Setup: Imports and Data Splits¶
First, we'll import GridSearchCV
and reuse the X_train
, X_test
, y_train
, and y_test
sets from our previous lab.
from sklearn.model_selection import GridSearchCV
# We assume X_train, X_test, y_train, y_test are already created
# from the previous lab's train_test_split.
Step 1: Define the Parameter Grid¶
We need to tell GridSearchCV
which hyperparameters to test. We define this in a dictionary where the keys are the names of the parameters and the values are lists of settings to try.
To specify a hyperparameter for a step in a pipeline, we use the step's name (in lowercase), followed by two underscores (__
), and then the hyperparameter name.

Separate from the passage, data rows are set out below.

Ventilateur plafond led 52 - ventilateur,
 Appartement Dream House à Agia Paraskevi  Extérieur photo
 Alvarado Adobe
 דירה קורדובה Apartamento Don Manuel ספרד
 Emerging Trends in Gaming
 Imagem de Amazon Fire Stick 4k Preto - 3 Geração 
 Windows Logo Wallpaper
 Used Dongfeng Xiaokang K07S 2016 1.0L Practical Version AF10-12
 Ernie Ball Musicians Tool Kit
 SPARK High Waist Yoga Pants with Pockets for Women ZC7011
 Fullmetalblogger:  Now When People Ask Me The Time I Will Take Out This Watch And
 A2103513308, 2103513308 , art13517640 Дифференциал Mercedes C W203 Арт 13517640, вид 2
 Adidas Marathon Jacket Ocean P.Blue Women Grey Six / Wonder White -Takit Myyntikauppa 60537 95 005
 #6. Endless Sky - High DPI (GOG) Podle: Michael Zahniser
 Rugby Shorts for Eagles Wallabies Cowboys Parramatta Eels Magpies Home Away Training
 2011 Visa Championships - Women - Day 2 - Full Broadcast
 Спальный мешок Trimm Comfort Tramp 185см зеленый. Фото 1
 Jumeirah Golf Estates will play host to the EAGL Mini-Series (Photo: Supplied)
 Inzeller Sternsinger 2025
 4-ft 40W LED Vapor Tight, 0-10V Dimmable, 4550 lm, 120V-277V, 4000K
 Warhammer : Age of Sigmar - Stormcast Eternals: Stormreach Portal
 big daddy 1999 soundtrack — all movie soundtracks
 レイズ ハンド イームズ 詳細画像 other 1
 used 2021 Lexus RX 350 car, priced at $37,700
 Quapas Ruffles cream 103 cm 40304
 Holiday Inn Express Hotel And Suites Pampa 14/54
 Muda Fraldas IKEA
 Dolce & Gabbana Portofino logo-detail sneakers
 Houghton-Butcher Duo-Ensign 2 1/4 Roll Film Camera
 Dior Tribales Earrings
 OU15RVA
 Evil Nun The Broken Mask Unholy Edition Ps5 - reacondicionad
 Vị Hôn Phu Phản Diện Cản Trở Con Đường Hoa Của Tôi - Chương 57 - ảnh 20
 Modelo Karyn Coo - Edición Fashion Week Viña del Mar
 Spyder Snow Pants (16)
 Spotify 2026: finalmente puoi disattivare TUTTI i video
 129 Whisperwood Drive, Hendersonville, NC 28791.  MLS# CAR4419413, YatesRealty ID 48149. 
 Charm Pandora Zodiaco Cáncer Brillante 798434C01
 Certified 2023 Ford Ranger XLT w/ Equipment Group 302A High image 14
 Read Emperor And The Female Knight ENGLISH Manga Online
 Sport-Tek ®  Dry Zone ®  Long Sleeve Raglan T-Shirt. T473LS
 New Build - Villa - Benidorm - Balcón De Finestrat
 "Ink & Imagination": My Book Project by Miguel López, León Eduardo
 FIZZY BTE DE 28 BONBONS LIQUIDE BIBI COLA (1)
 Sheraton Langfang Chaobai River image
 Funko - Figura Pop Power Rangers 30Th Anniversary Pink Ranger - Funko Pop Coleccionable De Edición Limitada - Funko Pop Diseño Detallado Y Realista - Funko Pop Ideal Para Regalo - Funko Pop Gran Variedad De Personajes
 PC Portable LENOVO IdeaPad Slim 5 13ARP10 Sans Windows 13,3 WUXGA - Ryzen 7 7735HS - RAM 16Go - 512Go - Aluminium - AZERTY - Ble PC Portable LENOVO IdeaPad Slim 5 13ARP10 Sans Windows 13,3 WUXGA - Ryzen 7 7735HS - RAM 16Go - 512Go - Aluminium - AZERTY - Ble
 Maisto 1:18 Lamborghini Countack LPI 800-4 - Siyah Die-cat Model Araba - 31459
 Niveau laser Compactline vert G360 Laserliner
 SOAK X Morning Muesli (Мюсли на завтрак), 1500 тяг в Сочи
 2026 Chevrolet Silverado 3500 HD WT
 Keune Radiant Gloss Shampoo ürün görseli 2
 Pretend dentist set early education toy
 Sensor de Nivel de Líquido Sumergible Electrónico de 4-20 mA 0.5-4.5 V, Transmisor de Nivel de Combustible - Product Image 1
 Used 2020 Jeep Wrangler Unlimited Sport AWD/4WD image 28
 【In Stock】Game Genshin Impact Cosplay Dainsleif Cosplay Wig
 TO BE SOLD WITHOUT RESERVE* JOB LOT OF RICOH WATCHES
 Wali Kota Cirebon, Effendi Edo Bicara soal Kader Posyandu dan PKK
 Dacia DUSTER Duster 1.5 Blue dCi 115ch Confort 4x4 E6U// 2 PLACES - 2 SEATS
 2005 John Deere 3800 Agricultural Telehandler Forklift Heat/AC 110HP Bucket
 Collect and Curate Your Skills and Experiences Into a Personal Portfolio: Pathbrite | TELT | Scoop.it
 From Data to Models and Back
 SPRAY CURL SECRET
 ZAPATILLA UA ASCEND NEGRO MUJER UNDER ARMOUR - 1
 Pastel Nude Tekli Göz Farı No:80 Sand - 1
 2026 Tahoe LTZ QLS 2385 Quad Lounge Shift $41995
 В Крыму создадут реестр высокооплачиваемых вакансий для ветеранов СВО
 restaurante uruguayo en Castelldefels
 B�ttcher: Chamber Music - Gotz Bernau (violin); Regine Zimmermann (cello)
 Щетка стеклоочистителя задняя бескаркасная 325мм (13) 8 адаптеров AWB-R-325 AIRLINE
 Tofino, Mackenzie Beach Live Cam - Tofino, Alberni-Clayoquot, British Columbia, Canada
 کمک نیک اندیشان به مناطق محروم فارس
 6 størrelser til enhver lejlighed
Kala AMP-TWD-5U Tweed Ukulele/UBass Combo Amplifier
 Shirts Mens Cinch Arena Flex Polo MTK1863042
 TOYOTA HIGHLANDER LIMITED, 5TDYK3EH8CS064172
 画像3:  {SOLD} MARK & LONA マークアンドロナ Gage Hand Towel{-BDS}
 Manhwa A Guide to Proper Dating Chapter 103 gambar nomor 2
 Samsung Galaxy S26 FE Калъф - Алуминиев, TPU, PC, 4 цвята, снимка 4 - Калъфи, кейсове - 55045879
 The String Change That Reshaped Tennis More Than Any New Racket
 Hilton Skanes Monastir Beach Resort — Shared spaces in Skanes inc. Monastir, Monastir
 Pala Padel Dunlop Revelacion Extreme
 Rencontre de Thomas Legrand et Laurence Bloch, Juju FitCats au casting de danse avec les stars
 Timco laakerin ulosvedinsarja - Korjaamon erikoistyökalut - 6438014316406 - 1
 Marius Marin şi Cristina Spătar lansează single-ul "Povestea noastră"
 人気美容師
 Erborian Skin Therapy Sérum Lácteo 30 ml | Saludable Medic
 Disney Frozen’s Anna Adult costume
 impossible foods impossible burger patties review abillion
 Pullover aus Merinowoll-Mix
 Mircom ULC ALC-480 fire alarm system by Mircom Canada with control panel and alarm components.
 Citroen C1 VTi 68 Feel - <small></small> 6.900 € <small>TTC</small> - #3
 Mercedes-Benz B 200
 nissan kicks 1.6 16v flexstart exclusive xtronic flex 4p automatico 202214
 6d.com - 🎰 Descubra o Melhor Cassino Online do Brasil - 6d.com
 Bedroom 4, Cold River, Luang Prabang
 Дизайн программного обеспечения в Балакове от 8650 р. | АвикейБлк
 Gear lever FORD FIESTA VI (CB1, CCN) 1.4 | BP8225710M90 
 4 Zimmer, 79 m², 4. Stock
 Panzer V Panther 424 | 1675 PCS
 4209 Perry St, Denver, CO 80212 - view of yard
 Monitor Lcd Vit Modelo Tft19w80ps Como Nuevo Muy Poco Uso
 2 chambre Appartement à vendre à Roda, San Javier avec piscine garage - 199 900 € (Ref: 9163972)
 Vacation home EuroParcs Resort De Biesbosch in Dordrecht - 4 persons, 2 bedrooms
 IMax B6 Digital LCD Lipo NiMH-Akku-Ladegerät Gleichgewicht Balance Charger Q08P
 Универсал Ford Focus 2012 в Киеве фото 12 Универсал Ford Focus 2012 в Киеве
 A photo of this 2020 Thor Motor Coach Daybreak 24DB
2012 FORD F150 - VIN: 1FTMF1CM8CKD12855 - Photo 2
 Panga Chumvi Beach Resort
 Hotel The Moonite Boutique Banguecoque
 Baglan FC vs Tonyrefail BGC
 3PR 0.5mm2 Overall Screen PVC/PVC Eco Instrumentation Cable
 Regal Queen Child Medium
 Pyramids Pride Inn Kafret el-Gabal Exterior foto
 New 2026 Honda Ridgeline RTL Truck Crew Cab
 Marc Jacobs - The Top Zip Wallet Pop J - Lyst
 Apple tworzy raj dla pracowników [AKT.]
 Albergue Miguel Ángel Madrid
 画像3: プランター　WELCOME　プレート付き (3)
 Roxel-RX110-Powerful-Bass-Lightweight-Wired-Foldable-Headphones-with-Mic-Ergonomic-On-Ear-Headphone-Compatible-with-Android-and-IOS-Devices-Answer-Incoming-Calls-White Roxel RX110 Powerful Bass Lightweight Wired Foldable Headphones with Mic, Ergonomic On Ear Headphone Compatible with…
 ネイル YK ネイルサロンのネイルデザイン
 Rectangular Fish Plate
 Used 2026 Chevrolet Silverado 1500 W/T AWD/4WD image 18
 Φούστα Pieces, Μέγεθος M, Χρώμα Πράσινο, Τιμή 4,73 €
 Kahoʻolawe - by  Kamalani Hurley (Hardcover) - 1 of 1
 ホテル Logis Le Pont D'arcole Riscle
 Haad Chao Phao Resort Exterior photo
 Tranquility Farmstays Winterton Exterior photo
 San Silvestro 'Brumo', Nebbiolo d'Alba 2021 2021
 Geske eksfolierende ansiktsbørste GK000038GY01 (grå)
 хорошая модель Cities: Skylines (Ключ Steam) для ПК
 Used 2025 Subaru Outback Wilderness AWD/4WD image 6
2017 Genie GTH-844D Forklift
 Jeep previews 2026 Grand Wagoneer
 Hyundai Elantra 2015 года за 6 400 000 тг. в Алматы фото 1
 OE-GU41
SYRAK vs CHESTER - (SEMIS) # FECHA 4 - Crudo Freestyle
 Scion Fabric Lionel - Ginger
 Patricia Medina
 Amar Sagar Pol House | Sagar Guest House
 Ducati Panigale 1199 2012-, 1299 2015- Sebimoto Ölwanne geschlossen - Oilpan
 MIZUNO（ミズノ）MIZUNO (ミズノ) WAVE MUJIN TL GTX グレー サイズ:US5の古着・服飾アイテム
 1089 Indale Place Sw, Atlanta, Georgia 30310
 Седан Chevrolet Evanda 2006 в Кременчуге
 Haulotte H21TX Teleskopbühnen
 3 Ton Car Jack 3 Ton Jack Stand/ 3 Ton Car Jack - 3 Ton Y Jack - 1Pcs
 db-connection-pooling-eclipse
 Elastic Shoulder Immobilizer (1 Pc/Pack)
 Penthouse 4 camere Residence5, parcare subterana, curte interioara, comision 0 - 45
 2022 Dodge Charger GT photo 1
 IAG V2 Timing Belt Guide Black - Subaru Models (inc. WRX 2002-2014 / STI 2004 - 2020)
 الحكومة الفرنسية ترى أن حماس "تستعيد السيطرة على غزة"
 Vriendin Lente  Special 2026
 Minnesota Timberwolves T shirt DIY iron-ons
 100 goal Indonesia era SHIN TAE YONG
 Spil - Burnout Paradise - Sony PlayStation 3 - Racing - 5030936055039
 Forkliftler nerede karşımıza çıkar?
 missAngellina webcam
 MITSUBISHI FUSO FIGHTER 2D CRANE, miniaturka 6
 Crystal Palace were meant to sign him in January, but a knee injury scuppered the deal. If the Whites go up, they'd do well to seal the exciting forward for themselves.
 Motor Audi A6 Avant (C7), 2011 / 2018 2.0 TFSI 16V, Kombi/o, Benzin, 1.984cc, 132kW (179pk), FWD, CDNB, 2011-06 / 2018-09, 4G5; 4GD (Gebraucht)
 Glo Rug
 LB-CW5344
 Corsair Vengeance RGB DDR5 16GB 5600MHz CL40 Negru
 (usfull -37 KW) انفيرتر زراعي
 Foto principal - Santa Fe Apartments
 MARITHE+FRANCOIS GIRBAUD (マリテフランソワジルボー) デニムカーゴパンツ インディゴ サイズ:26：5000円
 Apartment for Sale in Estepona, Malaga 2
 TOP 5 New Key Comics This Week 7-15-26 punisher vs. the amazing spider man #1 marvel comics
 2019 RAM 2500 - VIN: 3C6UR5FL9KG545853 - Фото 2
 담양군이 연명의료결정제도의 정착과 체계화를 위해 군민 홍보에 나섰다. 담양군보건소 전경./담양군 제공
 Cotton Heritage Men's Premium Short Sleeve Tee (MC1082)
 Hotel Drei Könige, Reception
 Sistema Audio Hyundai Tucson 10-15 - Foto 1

The default name for the DecisionTreeRegressor
step in our make_pipeline
object is decisiontreeregressor
.
# Define the grid of hyperparameters to search
param_grid = {
'decisiontreeregressor__max_depth': [3, 5, 7, 10, None],
'decisiontreeregressor__min_samples_leaf': [1, 2, 4, 6],
'decisiontreeregressor__max_features': [None, 'sqrt', 'log2']
}
Step 2: Set Up and Run GridSearchCV¶
Now, we instantiate GridSearchCV
. We provide our pipeline (pipe
), the param_grid
, the number of cross-validation folds (cv=5
), and the scoring metric. Since GridSearchCV
tries to maximize a score, and we want to minimize error, we use 'neg_mean_absolute_error'
.
Note: This step can take a few moments to run, as it is training 60
models (4 * 3 * 5
) five times each (300
total fits).
# Set up GridSearchCV
grid_search = GridSearchCV(
estimator=pipe,
param_grid=param_grid,
cv=5,
scoring='neg_mean_absolute_error',
verbose=1 # This will print progress updates
)
# Fit the grid search on the training data
grid_search.fit(X_train, y_train)
Step 3: Inspect the Results¶
GridSearchCV
stores the best combination of parameters it found in the best_params_
attribute. The best_estimator_
attribute holds the pipeline that was refit on the entire training set using these optimal parameters.
# Print the best hyperparameters found
print("Best Hyperparameters:")
print(grid_search.best_params_)
# The best score is negative, so we multiply by -1 to get the MAE
best_mae = -grid_search.best_score_
print(f"\nBest Cross-Validated MAE: ${best_mae:,.2f}")
Step 4: Final Evaluation on the Test Set¶
Finally, we use the best_estimator_
found by GridSearchCV
to make predictions on our held-out test set. This provides our final, unbiased assessment of the tuned model's performance.
# Use the best estimator to make predictions on the test set
final_predictions = grid_search.predict(X_test)
# Calculate the final MAE on the test set
final_mae = mean_absolute_error(y_test, final_predictions)
print(f"\nFinal Model MAE on Held-Out Test Set: ${final_mae:,.2f}")
You can now compare this final_mae
to the baseline MAE from our first lab to quantify the improvement gained from hyperparameter tuning.